Yeah, I will be looking into that carefully before I get the tank in place. I work for a company called Hatch. We do mining predominantly, but there are structural engineers here who can help me work it out. Also, where I want to place the tank is where my 90g is sitting right now and I haven't noticed any movement in the floor at all. Different ball game with a 220 though.


----------



## target (Apr 21, 2010)

2wheelsx2 said:


> Dang, never thought I'd hear anyone say a tank is TOO BIG on BCA.


LOL, me neither. But April did say too big for WC's, not too big overall


----------



## gklaw (May 31, 2010)

target said:


> Hatch.


Hatch McDonald - big boy, small world. I spent 3.5 years with SNC on Canada Line 

Heard of them and competed with them, may even recognize a few names.


----------



## target (Apr 21, 2010)

gklaw said:


> Hatch McDonald - big boy, small world. I spent 3.5 years with SNC on Canada Line
> 
> Heard of them and competed with them, may even recognize a few names.


haha, small world for sure. This is how I met Gary (2wheelsx2) as well. He knew someone in my office.


----------



## Diztrbd1 (Apr 21, 2010)

Awesome tank Daniel , looking forward to seeing it with some life in it.


----------



## 2wheelsx2 (Apr 21, 2010)

target said:


> LOL, me neither. But April did say too big for WC's, not too big overall


Nothing is too big if you set up that auto water changer. Talk to gklaw about trenching your floor. 

Although you probably won't need that for a reef tank.


----------



## target (Apr 21, 2010)

Diztrbd1 said:


> Awesome tank Daniel , looking forward to seeing it with some life in it.


Me too. Might be a long while though if I have to reinforce the floor. I won't be pulling down the ceiling before I reno my place. Hoping it won't be necessary.



2wheelsx2 said:


> Nothing is too big if you set up that auto water changer. Talk to gklaw about trenching your floor.
> 
> Although you probably won't need that for a reef tank.


HAHA, yeah I can just imagine my wife's response when I tell her I want to trench the floor. Not needed for SW though.


----------



## gklaw (May 31, 2010)

2wheelsx2 said:


> Talk to gklaw about trenching your floor.

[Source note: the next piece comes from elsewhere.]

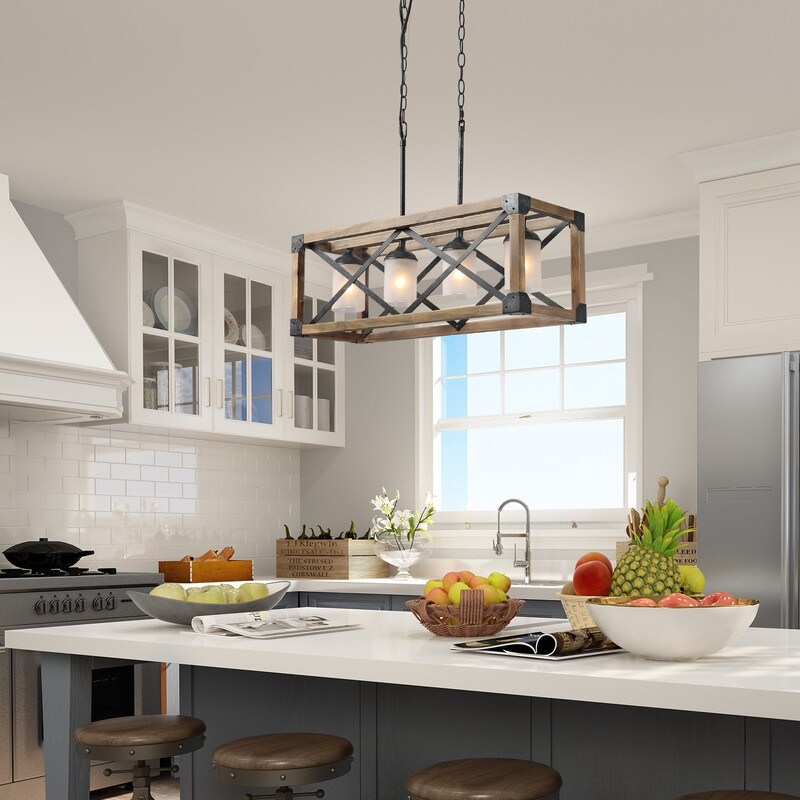 Lnc modern farmhouse chandelier top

2nd Floor, no trenching required. Piece of cake hehe - if tank is parallel to the joists  Even easier if you are going to rip out the ceiling below 

I actually did trench the floor to put an underslab drain inside the foundation to install a sump pump to solve some house drainage issue. That is where I quick drain my SW sump into


----------



## target (Apr 21, 2010)

Might have to look into adding a drain line if/when I open the ceiling below where the tank will go. I looked at the area again, and the wall where the tank will be sitting is load bearing. There is also a partition wall in the basement less than 6' from the load bearing one. So at most I will have to open less than 6' feet of ceiling and reinforce that area. I thought I was going to have to open the ceiling over a 20' span. This is much nicer. I just need to find my stud finder to confirm which way the joists are running.


----------



## target (Apr 21, 2010)

Started a new thread in the equipment section with some questions I have:

http://www.bcaquaria.com/forum/equipment-talk-section-14/equipment-questions-23232/#post188062


----------



## gklaw (May 31, 2010)

target said:


> Might have to look into adding a drain line if/when I open the ceiling below where the tank will go. I looked at the area again, and the wall where the tank will be sitting is load bearing. There is also a partition wall in the basement less than 6' from the load bearing one. So at most I will have to open less than 6' feet of ceiling and reinforce that area. I thought I was going to have to open the ceiling over a 20' span. This is much nicer. I just need to find my stud finder to confirm which way the joists are running.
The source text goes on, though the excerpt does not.